From b7872e24f42cd2db967b9e35a9bb167761cb7ccb Mon Sep 17 00:00:00 2001
From: Jun Yamog <jkyamog@gmail.com>
Date: Sun, 12 Apr 2026 09:14:06 +0000
Subject: [PATCH] Fix OOM regression in _apply() for quantized models during
 inference

Skip unnecessary clone of inference-mode tensors when already inside
torch.inference_mode(), matching the existing guard in set_attr_param.
The unconditional clone introduced in 20561aa9 caused transient VRAM
doubling during model movement for FP8/quantized models.
---
 comfy/ops.py | 2 +-
 1 file changed, 1 insertion(+), 1 deletion(-)

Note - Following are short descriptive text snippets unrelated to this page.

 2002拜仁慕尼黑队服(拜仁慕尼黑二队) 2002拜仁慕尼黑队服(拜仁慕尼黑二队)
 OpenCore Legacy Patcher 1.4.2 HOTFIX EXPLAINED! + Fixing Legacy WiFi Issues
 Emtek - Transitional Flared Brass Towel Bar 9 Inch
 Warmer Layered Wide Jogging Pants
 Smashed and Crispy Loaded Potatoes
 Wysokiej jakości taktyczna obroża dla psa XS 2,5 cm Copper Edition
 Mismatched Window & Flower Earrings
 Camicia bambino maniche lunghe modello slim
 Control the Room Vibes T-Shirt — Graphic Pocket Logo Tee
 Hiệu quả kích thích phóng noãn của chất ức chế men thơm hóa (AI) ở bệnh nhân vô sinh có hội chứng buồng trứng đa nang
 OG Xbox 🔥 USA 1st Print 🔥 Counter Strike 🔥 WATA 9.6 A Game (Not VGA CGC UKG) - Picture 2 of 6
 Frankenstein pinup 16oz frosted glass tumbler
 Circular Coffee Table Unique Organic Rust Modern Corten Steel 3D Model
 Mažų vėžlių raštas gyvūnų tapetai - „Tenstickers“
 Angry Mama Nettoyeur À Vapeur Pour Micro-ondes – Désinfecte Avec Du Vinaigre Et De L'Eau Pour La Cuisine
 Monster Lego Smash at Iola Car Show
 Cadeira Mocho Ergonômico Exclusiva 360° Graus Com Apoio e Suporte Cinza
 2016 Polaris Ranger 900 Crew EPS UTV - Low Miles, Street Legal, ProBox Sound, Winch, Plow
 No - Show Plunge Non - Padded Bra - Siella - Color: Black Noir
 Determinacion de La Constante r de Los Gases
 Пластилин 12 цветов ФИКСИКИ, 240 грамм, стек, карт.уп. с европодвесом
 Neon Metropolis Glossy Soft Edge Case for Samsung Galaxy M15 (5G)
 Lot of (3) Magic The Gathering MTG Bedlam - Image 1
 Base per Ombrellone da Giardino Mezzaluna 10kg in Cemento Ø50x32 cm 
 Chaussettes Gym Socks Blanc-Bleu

diff --git a/comfy/ops.py b/comfy/ops.py
index b5cd1d47e..7a9b4b84c 100644
--- a/comfy/ops.py
+++ b/comfy/ops.py
@@ -1151,7 +1151,7 @@ def mixed_precision_ops(quant_config={}, compute_dtype=torch.bfloat16, full_prec
                     if param is None:
                         continue
                     p = fn(param)
-                    if p.is_inference():
+                    if (not torch.is_inference_mode_enabled()) and p.is_inference():
                         p = p.clone()
                     self.register_parameter(key, torch.nn.Parameter(p, requires_grad=False))
                 for key, buf in self._buffers.items():